◆ **Task statement**
Of all the lines below, return only those starting with the line holding "Comportement des chats" and going on through the line holding "white transvaal daisiesの写真素材", exactly as written.

◆ **Input data**
[Start of Attachment]
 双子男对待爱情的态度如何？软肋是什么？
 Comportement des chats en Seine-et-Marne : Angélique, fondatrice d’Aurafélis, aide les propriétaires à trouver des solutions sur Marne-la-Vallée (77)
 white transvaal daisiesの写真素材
[End of Attachment]
[Start of Attachment]
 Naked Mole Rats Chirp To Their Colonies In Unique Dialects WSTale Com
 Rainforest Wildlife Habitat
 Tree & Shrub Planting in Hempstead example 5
[End of Attachment]
◆ **Finished task**
 Comportement des chats en Seine-et-Marne : Angélique, fondatrice d’Aurafélis, aide les propriétaires à trouver des solutions sur Marne-la-Vallée (77)
 white transvaal daisiesの写真素材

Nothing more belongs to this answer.